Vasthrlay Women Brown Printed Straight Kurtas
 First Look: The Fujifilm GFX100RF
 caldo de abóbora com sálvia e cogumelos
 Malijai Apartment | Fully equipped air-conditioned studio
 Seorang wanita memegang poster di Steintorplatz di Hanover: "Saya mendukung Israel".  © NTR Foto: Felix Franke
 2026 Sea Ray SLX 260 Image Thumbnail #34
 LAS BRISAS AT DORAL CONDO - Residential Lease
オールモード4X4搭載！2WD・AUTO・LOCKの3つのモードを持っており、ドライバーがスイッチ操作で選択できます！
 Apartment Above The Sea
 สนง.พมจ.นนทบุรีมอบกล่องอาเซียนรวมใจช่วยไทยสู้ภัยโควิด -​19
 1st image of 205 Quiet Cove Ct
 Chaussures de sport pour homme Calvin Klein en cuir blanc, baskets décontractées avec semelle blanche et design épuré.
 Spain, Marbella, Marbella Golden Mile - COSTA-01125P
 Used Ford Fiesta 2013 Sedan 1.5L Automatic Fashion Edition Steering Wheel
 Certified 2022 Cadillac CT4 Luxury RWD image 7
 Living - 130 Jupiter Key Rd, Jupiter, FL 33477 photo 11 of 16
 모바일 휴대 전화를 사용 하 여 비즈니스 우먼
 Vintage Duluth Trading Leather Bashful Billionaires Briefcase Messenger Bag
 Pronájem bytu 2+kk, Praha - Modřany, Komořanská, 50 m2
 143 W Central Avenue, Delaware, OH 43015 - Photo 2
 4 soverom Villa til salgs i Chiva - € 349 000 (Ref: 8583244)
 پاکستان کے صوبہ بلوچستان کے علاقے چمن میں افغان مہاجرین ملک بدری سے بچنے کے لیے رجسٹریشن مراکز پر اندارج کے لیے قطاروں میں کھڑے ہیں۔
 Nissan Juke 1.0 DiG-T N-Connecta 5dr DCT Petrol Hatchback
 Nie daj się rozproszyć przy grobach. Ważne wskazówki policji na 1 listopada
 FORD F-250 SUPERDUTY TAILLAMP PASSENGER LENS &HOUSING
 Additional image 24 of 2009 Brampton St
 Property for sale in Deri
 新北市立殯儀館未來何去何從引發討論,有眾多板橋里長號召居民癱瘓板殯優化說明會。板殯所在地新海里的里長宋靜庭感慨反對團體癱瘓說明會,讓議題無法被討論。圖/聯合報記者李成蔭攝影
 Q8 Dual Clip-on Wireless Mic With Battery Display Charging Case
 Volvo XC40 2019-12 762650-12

§

* [WORK TASK] What is the number of lines in the data above that contain the word "Apartment"? Report the figure only.

* [YOUR SOLUTION] 2